● Data below:
★ ★ ★ ★ ★ ★ ★

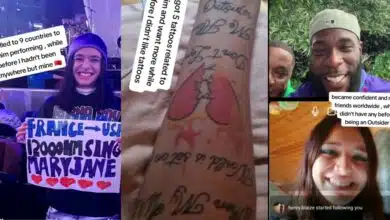 Caucasian lady beats depression after meeting Burna Boy, travels 9 countries, gets 5 tattoos, moves to Nigeria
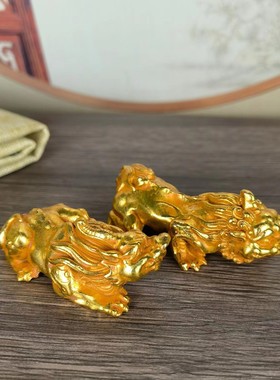 古玩收藏仿古实心合金铜鎏金瑞兽狮子貔貅动物多款小摆件批发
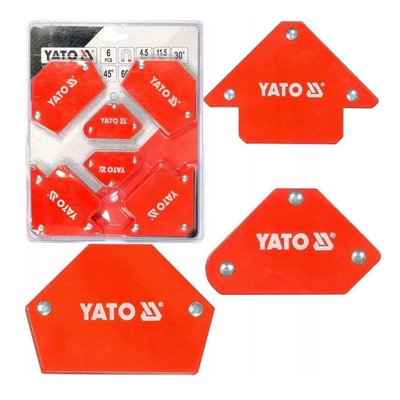 Кутники магнітні для зварювання YATO: кут: 45°, 90°, 135°, 2-4,5 кг, 43х72х12мм,4-11,5кг,82х118х14мм YT-08679 фото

★ ★ ★ ★ ★ ★ ★

● Task goal: Exclude all images and retype the data precisely.

● Result of this task:
 Caucasian lady beats depression after meeting Burna Boy, travels 9 countries, gets 5 tattoos, moves to Nigeria
 古玩收藏仿古实心合金铜鎏金瑞兽狮子貔貅动物多款小摆件批发
 Кутники магнітні для зварювання YATO: кут: 45°, 90°, 135°, 2-4,5 кг, 43х72х12мм,4-11,5кг,82х118х14мм YT-08679 фото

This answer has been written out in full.